In the lounge area it was much more crowded. Families sat in inward-looking groups, their territory marked with handbags and rucksacks. They mostly looked either grim or tired, but happier families had been reproduced on the walls behind them in giant photographic prints, maintaining some kind of a karmic balance. In the absence of any free seats, people were sitting with their backs against a bulkhead, while others were propping up the bar that ran down the right-hand side of the room. A single barman stood serving draught Stella Artois from a single pump. The adjacent Guinness pump had been marked
OUT OF ORDER.
Further on, the bar gave way seamlessly to a food
counter where people queued for baguettes and chips. The air smelled of stale beer and old frying fat.

Tillman didn’t feel hungry, and preferred whisky to lager. He looked at the optics of Bell’s, Grant’s and Johnny Walker lined up behind the bar, all perfectly drinkable. But in the army he had only drunk when he wanted oblivion, and these days he didn’t often afford himself such a luxury. He felt tempted for a second or two, slowed his stride, then dismissed the idea and walked on. Later, when he got to London, he might find a bar and reacquaint himself with that momentary chemical caress. For now, he preferred to stay awake and alert.

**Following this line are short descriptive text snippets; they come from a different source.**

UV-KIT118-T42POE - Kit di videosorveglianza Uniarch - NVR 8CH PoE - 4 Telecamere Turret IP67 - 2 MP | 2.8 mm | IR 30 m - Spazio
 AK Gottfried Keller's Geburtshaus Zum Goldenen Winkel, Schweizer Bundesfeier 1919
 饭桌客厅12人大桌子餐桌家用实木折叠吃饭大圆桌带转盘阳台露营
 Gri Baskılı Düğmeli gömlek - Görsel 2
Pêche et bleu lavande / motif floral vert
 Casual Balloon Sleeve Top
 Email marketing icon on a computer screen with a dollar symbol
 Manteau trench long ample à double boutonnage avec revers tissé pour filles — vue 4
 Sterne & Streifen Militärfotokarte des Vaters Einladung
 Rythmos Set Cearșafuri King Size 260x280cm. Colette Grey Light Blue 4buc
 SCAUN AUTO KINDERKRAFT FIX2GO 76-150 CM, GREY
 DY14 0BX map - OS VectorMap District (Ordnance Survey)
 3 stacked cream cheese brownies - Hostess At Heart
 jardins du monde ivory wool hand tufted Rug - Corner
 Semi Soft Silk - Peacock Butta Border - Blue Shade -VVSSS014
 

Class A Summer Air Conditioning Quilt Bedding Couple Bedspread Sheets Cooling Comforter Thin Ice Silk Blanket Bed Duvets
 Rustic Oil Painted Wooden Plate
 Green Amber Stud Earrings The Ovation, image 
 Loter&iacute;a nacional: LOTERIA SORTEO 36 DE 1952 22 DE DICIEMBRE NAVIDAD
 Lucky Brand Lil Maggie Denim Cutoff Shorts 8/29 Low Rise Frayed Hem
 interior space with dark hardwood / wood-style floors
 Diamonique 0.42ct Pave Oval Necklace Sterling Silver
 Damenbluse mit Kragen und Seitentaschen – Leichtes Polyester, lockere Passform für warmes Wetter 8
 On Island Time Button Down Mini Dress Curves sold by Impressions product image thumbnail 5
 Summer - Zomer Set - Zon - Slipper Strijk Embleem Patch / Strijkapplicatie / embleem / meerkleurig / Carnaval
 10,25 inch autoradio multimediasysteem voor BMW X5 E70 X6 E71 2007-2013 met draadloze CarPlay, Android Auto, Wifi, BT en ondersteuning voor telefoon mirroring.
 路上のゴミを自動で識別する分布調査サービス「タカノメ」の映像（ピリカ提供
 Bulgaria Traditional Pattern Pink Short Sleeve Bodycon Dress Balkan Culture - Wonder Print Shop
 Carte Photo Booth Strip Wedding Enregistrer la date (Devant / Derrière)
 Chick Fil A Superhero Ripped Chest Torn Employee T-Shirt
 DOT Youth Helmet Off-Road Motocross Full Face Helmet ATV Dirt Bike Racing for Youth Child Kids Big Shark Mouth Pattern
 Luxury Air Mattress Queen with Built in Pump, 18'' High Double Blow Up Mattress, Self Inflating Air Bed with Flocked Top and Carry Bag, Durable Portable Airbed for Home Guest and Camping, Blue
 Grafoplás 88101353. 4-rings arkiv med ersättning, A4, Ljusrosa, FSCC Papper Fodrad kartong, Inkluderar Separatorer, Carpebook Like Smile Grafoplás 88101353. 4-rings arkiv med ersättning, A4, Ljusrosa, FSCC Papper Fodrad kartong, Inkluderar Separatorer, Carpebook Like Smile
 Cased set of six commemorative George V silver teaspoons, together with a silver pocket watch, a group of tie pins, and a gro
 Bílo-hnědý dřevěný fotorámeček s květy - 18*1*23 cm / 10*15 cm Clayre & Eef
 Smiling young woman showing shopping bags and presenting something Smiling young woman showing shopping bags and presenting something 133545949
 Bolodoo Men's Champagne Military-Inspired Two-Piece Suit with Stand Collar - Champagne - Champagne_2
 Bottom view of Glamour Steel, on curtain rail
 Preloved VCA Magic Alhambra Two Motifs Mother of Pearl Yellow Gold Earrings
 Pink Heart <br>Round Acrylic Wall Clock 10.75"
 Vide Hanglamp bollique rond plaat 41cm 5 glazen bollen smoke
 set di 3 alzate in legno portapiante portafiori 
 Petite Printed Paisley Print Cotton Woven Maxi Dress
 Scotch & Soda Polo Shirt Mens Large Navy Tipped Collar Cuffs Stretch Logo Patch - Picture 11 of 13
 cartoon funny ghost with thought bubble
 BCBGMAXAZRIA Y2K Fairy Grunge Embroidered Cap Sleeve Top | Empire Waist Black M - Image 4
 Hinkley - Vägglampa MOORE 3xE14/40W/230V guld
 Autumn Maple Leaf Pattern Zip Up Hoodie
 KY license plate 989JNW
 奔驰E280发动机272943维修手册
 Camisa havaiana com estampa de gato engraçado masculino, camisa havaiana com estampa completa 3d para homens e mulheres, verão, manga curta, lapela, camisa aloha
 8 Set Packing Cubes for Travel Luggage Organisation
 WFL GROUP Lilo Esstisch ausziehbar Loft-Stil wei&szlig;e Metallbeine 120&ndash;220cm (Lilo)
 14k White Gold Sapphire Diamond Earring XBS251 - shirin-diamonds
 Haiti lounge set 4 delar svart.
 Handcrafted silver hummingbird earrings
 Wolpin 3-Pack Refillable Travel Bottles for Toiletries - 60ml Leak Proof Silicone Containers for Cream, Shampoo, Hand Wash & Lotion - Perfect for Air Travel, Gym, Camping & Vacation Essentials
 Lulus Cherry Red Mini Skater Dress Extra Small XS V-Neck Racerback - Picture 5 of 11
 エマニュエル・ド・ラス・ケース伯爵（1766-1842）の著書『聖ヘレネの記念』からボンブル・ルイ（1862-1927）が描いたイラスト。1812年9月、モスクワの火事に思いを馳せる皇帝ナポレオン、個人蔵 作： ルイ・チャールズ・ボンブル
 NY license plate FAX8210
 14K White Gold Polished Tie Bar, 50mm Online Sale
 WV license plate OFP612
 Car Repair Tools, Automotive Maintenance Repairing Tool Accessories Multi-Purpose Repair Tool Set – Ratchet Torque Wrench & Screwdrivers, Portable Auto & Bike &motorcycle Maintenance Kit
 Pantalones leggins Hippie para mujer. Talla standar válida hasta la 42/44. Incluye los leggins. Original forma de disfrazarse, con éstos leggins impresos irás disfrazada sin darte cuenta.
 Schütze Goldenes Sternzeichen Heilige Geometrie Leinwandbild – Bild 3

He was looking for a place to sit that fulfilled his usual criteria: a view of all exits, a wall at his back and something nearby like a wall or a counter that would block a sightline at need. In this crowded room, he knew that wouldn’t be possible. It was also, he was aware, faintly ridiculous to apply criteria like that in a setting where any attack would be hampered by the instant panic stampede it would trigger, and where the assassin would have no ready escape even if the attack succeeded. The people who had followed him in Bucharest and Paris had still done nothing to suggest they wanted to harm him. All they’d done, both times, was to tail him.

So was this paranoia? The carrying of his usual caution over the edge of the abyss at last into mania and psychosis? Or had he responded to some cue he hadn’t even consciously processed? Normally he trusted his instincts, but he’d been pushing himself hard for a long time. He felt a weight of weariness fall on him, so abruptly it was like a physical thing. With it came a revulsion against the crush of humanity all around – the babble of voices sounding like an externalisation of some confusion or plurality in his own heart and soul.